Coney Island hot dog shop brings taste of Tulsa to Dallas-Fort Worth - CultureMap Dallas
"A legendary Tulsa restaurant that's been in existence for nearly a century is expanding to Dallas-Fort Worth. Called Coney Island Hot Weiners, it's a beloved Tulsa landmark specializing in hot dogs and will open a location in Rockwall in January.
"The restaurant is from Tony Osburn, a native of Tulsa who's excited to bring a favorite from his hometown to DFW. He'll open at 621 White Hills Dr., in a space on the east side of Lake Ray Hubbard that was most recently a massage parlor but has been home to a number of businesses."
A Guide to Tulsa's Nightlife... | The Lost Ogle
Chelsea, the Tulsa correspondent for an obscure social blog, rates the pros and cons of partying in Brookside, Cherry Street, the Bob Wills District, the Blue Dome District, and south Tulsa.

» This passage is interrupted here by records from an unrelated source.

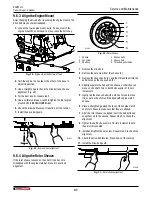 Preview for 41 page of Wallenstein BXMT3213 Operator'S Manual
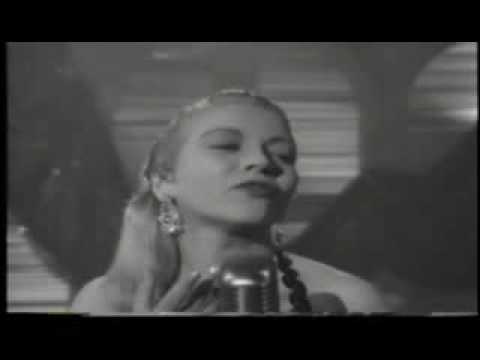 Monica Lewis backed by Ray Conniff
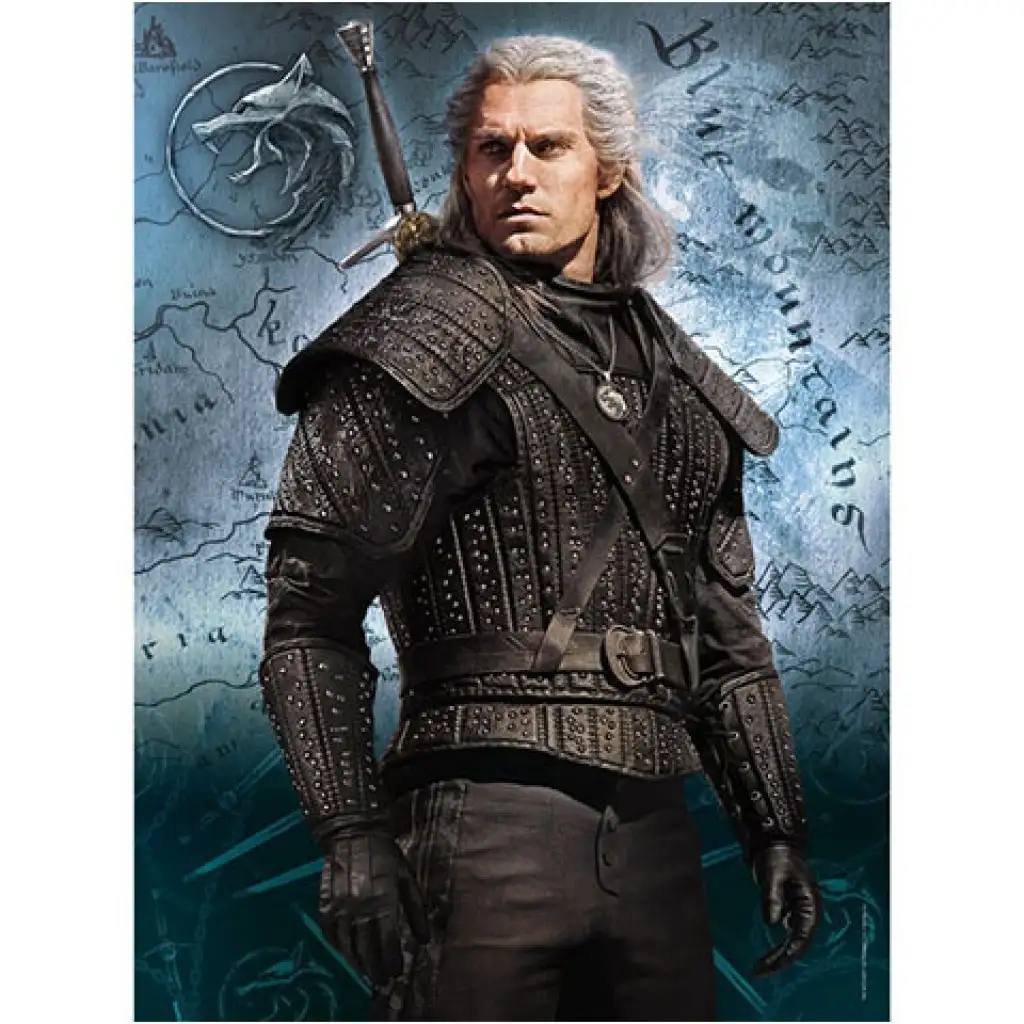 Witcher 500-части пъзел - Clementoni изображение 2
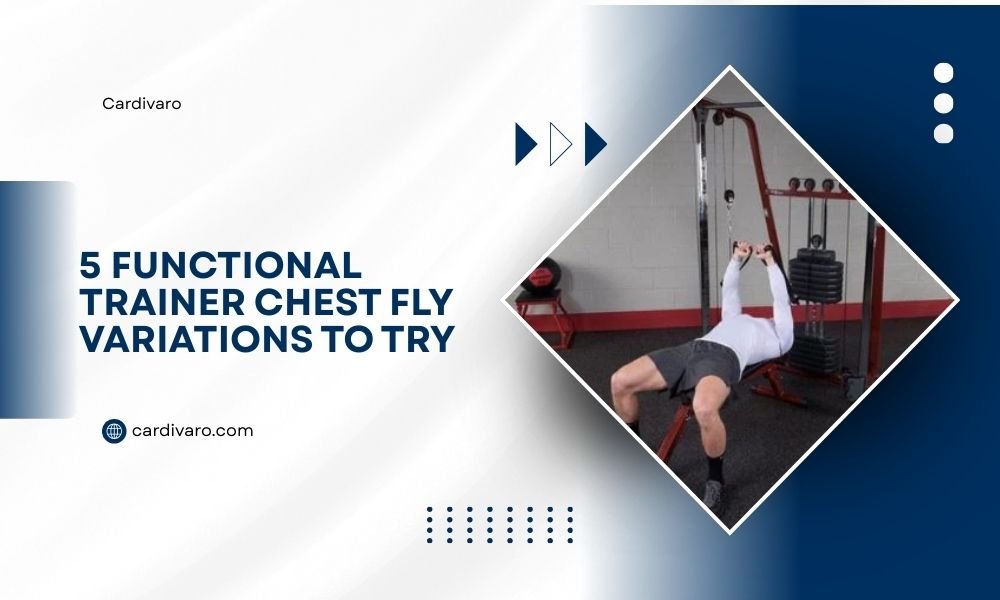 5 Functional Trainer Chest Fly Variations to Try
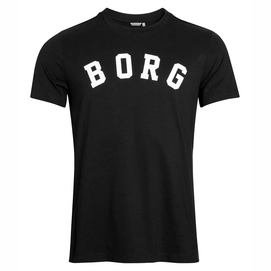 T-Shirt Björn Borg Mens Borg Black Beauty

Tulsa Oklahoma Food Events, Festivals & Competition | The Tulsa Food Blog
Barbecue in Sallisaw, pecans in Okmulgee, and more food and fun in Bixby and Sapulpa.
Tulsa TV Memories: The Louisiane
It's "The Pour House" these days, but it used to be one of Tulsa's finest dining experiences, at 18th and Boston. Two photos on this page -- the late '50s "French Quarter" style makeover (the way I remember it from the '70s) -- and an earlier incarnation. Look closely -- it's the same building. (I like the original version better.)
Chicory & Chives Cafe - Tulsa Cajun Food & Best Breakfast in Tulsa | The Tulsa Food Blog
A tasty surprise tucked away in an industrial area on Charles Page Boulevard.
What are your favorite tea getaways?
"JadeKitsune" lists favorite places for tea in Tulsa, including Thai Chef, Shishkabob's, In the Raw, and Shades of Brown.
Bring QuikTrip To Oklahoma City!
Former Tulsan is Hotzi deprived. Ain't that right, Lamar? (Via Irritated Tulsan, who is tantalizing the QTinOKC guide with photos of QT food.)